Выйдя в темный двор, он с удовлетворением отметил, что дождь прекратился, и, остановившись, некоторое время прислушивался и всматривался в темноту. Ему мерещились киллеры, стоящие за темными стволами деревьев и ждущие, когда он выйдет на освещенное место. Выругавшись, Саня шагнул в сторону арки и, пройдя мимо своей, стоявшей у самой стены, машины, уверенно вышел на улицу.
Было около двух часов ночи.
Вот так к ногам Сани Щербакова свалились два с лишним десятка новых «Жигулей», упакованных в один небольшой пакет, в котором оказалось сто тридцать тысяч американских тугриков.

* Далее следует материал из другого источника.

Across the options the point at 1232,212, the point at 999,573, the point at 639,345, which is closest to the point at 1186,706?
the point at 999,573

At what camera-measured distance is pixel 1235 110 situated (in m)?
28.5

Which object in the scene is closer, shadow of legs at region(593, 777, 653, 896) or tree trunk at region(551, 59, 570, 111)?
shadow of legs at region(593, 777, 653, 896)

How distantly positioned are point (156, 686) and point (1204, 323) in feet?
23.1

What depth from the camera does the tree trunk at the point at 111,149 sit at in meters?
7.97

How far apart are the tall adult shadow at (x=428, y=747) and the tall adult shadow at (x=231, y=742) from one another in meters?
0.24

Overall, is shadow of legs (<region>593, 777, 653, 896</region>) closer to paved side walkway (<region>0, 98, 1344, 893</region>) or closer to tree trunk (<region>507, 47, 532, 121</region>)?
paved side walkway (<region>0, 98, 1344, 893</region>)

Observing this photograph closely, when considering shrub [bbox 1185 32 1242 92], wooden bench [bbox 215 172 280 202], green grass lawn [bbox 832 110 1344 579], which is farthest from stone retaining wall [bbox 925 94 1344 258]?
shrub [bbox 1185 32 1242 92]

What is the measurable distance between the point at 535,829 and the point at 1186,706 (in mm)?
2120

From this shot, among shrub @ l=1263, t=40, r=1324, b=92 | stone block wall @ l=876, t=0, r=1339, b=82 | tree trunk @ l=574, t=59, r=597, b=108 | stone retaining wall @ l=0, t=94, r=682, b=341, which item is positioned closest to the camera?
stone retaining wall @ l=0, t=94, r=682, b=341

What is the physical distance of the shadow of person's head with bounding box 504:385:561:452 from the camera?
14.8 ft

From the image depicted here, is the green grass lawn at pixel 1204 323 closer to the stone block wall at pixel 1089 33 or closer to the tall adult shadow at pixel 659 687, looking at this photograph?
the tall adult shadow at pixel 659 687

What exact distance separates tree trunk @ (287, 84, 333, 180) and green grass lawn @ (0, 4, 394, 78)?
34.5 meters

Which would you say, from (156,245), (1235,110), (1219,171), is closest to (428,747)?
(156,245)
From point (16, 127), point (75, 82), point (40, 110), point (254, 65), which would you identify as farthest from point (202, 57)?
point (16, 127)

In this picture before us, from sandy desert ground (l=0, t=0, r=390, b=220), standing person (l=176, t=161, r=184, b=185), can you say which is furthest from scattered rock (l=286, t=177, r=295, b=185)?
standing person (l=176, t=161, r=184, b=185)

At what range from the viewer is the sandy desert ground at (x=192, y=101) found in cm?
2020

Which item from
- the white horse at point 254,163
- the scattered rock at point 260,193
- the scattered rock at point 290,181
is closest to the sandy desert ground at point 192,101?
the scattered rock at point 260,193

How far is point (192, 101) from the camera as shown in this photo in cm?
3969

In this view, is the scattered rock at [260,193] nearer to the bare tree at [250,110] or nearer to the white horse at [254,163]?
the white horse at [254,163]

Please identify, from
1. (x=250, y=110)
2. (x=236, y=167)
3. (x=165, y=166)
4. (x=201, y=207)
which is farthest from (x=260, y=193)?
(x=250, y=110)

А начинался ведь вечер с жестокого облома в пятьсот деревянных рублей.
Понимая, что у таких денег не может не оказаться хозяев, Саня всячески постарался сделать так, чтобы мышеловка судьбы не захлопнулась.
Первым делом он смотался в Новосибирск, где и поменял, чтобы не светиться в Томске, некоторое количество баксов на более уместные в провинциальной жизни рубли.
И укатил в Петербург.
Там он положил доллары в филиал зарубежного банка, справедливо не надеясь на отечественные финансовые структуры. Завел себе золотые пластиковые карточки «Виза» и «Мастер».
Часть денег вложил в антиквариат, часть в недвижимость – питерские квартиры в центре города за эти полгода уже удвоились в цене. Еще на что-то купил понравившиеся картины современных художников, в надежде на то, что доброе дело когда-нибудь окупится сторицей. На остальное жил.